Image Local Feature Representation: The VGG-19 also be used as image local feature extractor in our model. When a raw image I \(\in {\mathbb {R}}^{W\times H\times 3 }\) is input to VGG-19, the CONV5-4 layer outputs feature map \({\mathbf{{v}}_c}\in \mathbb {R}^{W' \times H' \times D}\). Then, we flatten this feature map into \({\mathbf{{v}}_l}\in \mathbb {R}^{D\times C}\), where \(C = W'\times H'\). This processing program can be written as follows:

$$\begin{aligned} {\mathbf{{v}}_l} = \left\{ {{\mathbf{{v}}_{l1}},{\mathbf{{v}}_{l2}}, \cdots ,{\mathbf{{v}}_{lC}}} \right\} = flatten\left( {Conv(I)} \right) , \end{aligned}$$
(2)

where \(\mathbf{{v}}_{li}\in \mathbb {R}^{D},\ i\in \{0,1,\cdots ,C\}\) donates the feature of i-th location of image I. In other words, each image I is divided into C locations and every \(\mathbf{{v}}_{li}\) represents one location. So, \(\mathbf{{v}}_{li}\) is the location feature representation.

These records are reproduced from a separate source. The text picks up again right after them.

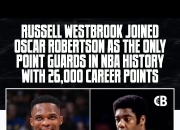 威少官方公布新规，绝杀战胜引发争议，连续三场30+球迷热议！的简单介绍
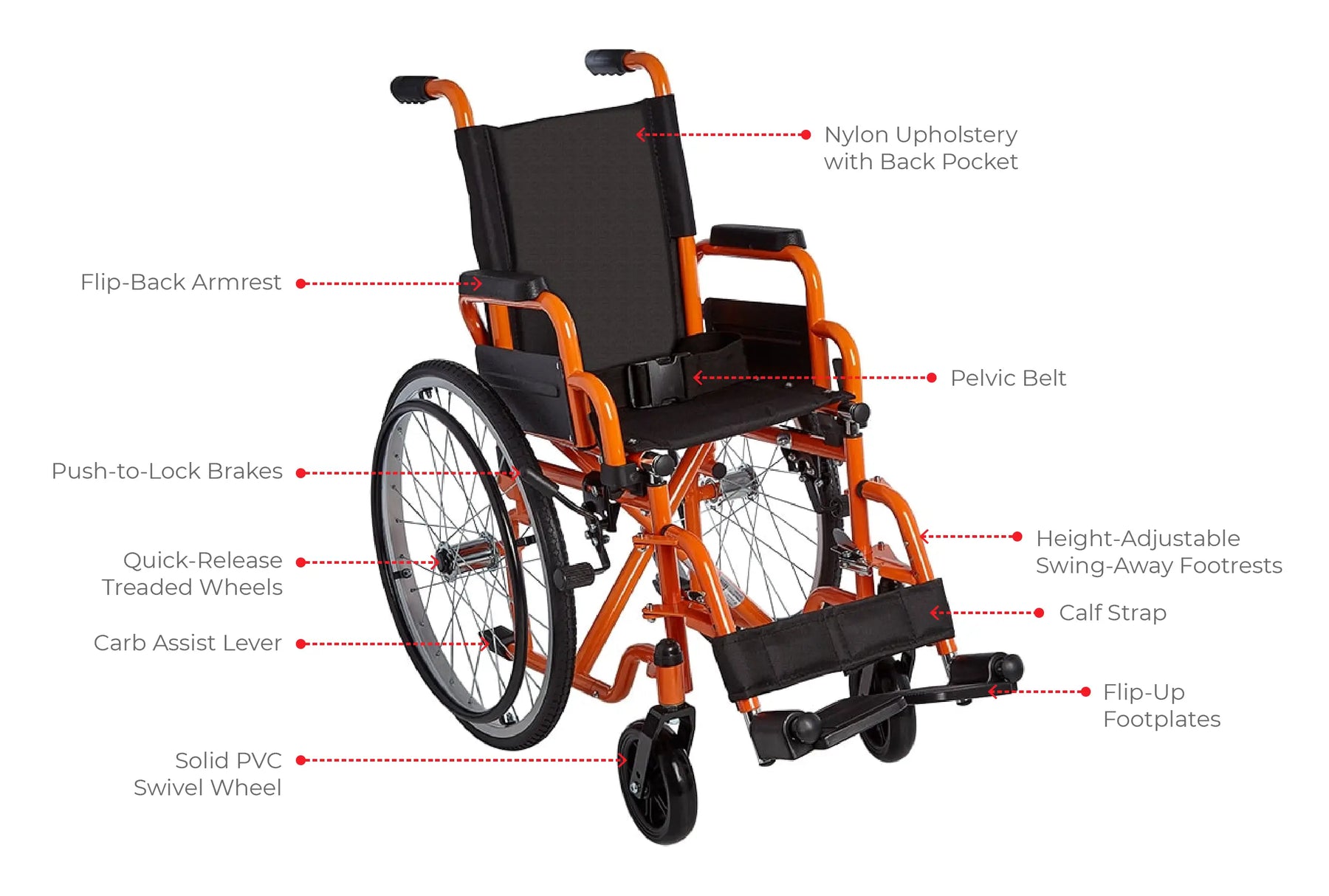 Ziggo Wheelchair 14"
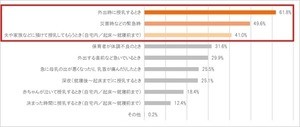 「乳児用液体ミルク」の認知度31.3% - 使用してみたいシーンは?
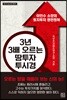 3년 3배 오르는 땅투자 투시경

3.2 Sentence Representation

In our model, we encode words into one-hot vectors. For example, the benchmark dataset has \(N_{0}\) different words, every word is encoded into \(N_{0}\)-dimension vector which only one value equals to 1 and others equal to 0. When a raw image import into our model, a corresponding sentence S is generated which is encoded as a sequence of one-hot vectors. We donate \(S=({\mathbf{{w}}_1}, {\mathbf{{w}}_2},\cdots ,{\mathbf{{w}}_T})\), where \(\mathbf{{w}}_i\in \mathbb {R}^{N_0}\) donates the i-th word in the sentence. We embed these words into embedding space. The concrete formula is as follows:

$$\begin{aligned} {\mathbf{{s}}_t} = {\mathbf{{W}}_s}\cdot {\mathbf{{w}}_t},\ t\in \{1,2,\cdots , T\}, \end{aligned}$$
(3)

where \(\mathbf{{W}}_s\) is the embedding matrix of sentences which projects the word vector into the embedding space. So the projection matrix \(\mathbf {W}_\mathbf{s}\) is a \(h \times N_0\) matrix where \(N_0\) is the size of the dictionary and h is the dimension of the embedding space.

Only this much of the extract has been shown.